From the New York Times: “How One 19-Year-Old Illinois Man Is Distorting National Polling Averages”
There is a 19-year-old black man in Illinois who has no idea of the role he is playing in this election.
He is sure he is going to vote for Donald J. Trump.
I think the story exaggerates the impact of this guy’s opinions on polling averages, but it’s a great illustration of one of the subtleties of polling.
Even in New Zealand, you often see people claiming, for example, that opinion polls will underestimate the Green Party vote because Green voters are younger and more urban, and so are less likely to have landline phones. As we see from the actual elections, that isn’t true. Pollers know about these simple forms of bias, and use weighting to fix them — if they poll half as many young voters as they should, each of their votes counts twice. Weighting isn’t as good as actually having a representative sample, but it’s ok — and unlike actually having a representative sample, it’s achievable.
One of the tricky parts of weighting is which groups to weight. If you make the groups too broadly-defined, you don’t remove enough bias; if you make them too narrowly-defined, you end up with a few people getting really extreme weights, making the sampling error much larger than it should be. That’s what happened here: the survey had one person in one of its groups, and that person turned out to be unusual. But it gets worse.
The impact of the weighting was amplified because this is a panel survey, polling the same people repeatedly. Panel surveys are useful because they allow much more accurate estimation of changes in opinions, but an unlucky sample will persist over many surveys.

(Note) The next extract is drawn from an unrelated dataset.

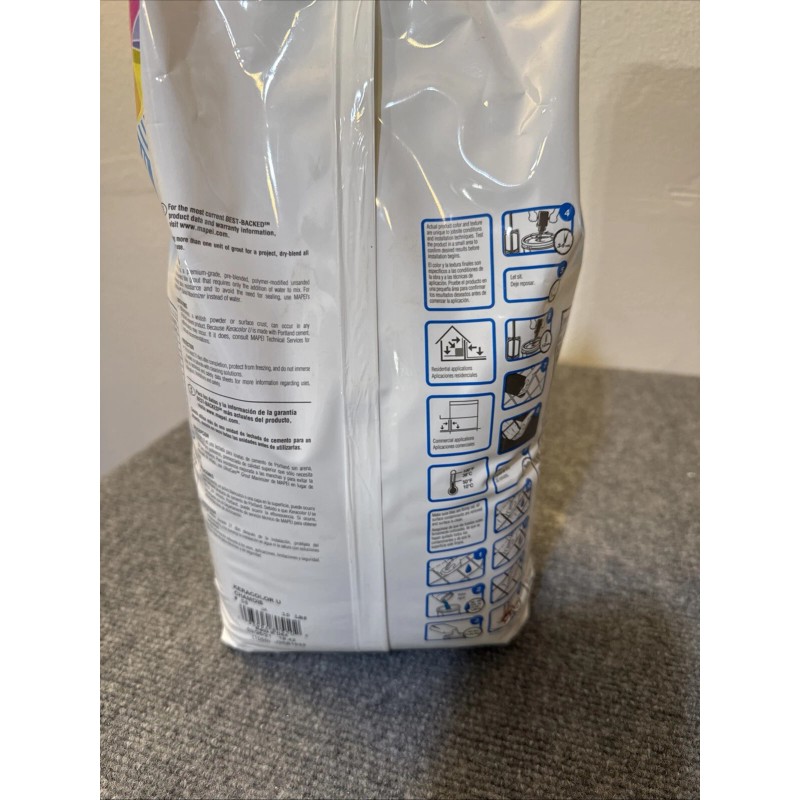 Mapei Grout Keracolor U Unsanded Chamois Color Grout 10 lbs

Worse still, one of the weighting factors used was how people say they voted in 2012. That sounds sensible, but it breaks one of the key assumptions about weighting variables: you need to know the population totals. We know the totals for how the population really voted in 2012, but reported vote isn’t the same thing at all — people are surprisingly unreliable at reporting how they voted in the past.
The actual impact on polling aggregators such as 538 is probably pretty small, since they model and try to remove ‘house effects’ (differences between surveys). However, the poll does give aid and comfort to people who don’t want to believe the consensus results, and that is not helpful.